[PCG24-P05] Auroral imaging at visible and far-ultra-violet wavelengths for the future polar orbiting satellite mission FACTORS
Keywords:aurora, airglow, imager
We are making the design and development of visible and far-ultra-violet (FUV) imagers for this mission. To observe dynamical morphology of small-scale aurora, both visible and FUV images are required to have high-spatial and high-time resolution capability. Therefore, we set the instrumental requirement for visible imager to measure small-scale faint aurora with a spatial resolution of ~1km x 1km at apogee (~4000km altitude), a time resolution of ~10 frame/sec and sufficient sensitivity for auroral intensity of ~1 kR. Target auroral emission should be permitted lines, and N2+ 1NG (391 or 428nm) or N2 1PG (670nm) are candidates.
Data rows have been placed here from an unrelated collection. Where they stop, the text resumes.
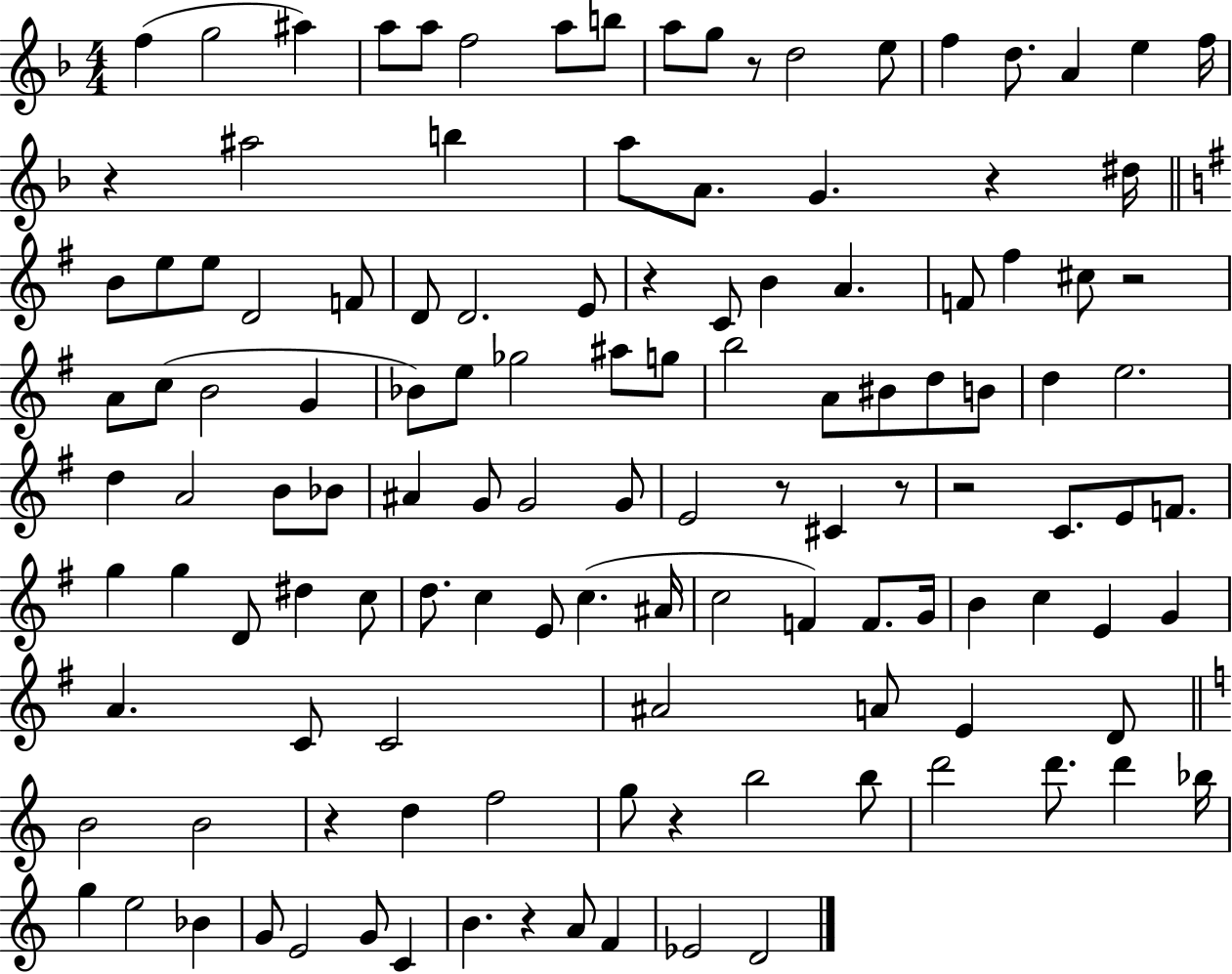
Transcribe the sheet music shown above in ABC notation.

X:1
T:Untitled
M:4/4
L:1/4
K:F
f g2 ^a a/2 a/2 f2 a/2 b/2 a/2 g/2 z/2 d2 e/2 f d/2 A e f/4 z ^a2 b a/2 A/2 G z ^d/4 B/2 e/2 e/2 D2 F/2 D/2 D2 E/2 z C/2 B A F/2 ^f ^c/2 z2 A/2 c/2 B2 G _B/2 e/2 _g2 ^a/2 g/2 b2 A/2 ^B/2 d/2 B/2 d e2 d A2 B/2 _B/2 ^A G/2 G2 G/2 E2 z/2 ^C z/2 z2 C/2 E/2 F/2 g g D/2 ^d c/2 d/2 c E/2 c ^A/4 c2 F F/2 G/4 B c E G A C/2 C2 ^A2 A/2 E D/2 B2 B2 z d f2 g/2 z b2 b/2 d'2 d'/2 d' _b/4 g e2 _B G/2 E2 G/2 C B z A/2 F _E2 D2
We have established high-spatial and high-time resolution auroral imaging measurement with Reimei/MAC, and the similar objective lens (F/1.6, f =50 mm) made of fused silica, which has radiation hard capability, can be used. For the visible detector, we are discussing CCD or space-qualified sCMOS which has low-noise and radiation-hard performances.
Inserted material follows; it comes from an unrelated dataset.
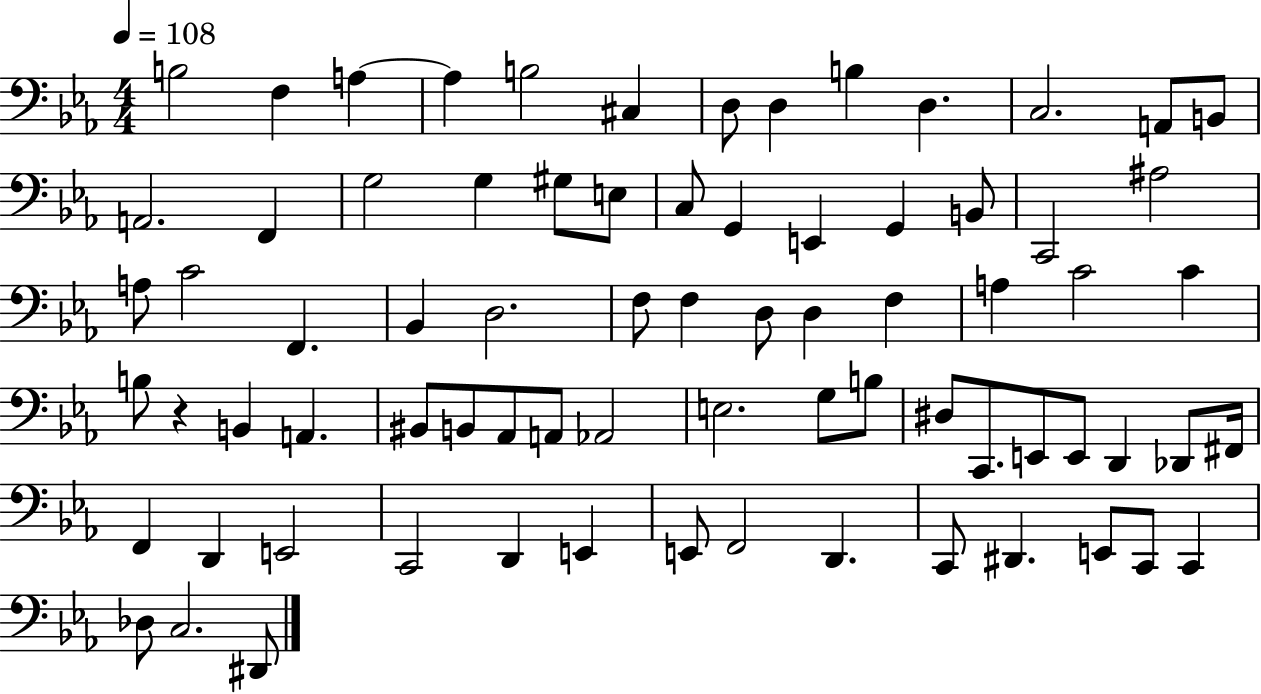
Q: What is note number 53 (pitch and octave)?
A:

Concerning the FUV imager, it was originally designed to measure a wide area (a few thousand km range) to monitor medium scale auroral phenomena, such as westward travelling surge and omega band. However, from recent discussion, the satellite will not be in the noon-midnight meridian sun-synchronous orbit, but in an orbit with a lower inclination angle. In this case, the period of satellite sunlit conditions increases where the visible camera cannot operate due to the scattering of sunlight and earth’s dayside reflection. On the other hand, the intensity of sunlight is relatively lower in the FUV range, and we can obtain auroral FUV images during sunlit conditions. Thus, the FUV imager now plays a more important role to achieve the scientific objectives of FACTORS. Here, we require the high-time and high-spatial resolution capabilities with a few km x a few km, several frame/sec, and sufficient sensitivity for auroral emission at ~1 kR. We examined the FUV detector and objective system so far. Recent progress in FUV detector technology enables us to use a space-qualified FUV 2D array detector without high-voltage image intensifier. We investigated the performance of CCD and sCMOS detectors for the FUV imager. We set the field-of-view (FOV) of the FUV imager to be ~10 deg x 10 deg. According to this relatively narrow FOV requirement, and thanks to the latest lens polishing technology, we designed the objective system made of CaF2 aspherical lenses with a F-number of 2.5 and focal length of 50 mm. The candidate auroral emission is OI 135.6 nm, and/or N2 LBH band (140-180 nm), and the wavelength is selected by a space-qualified FUV bandpass interference filter. We present estimations of counts detected by the preliminary designed FUV imager.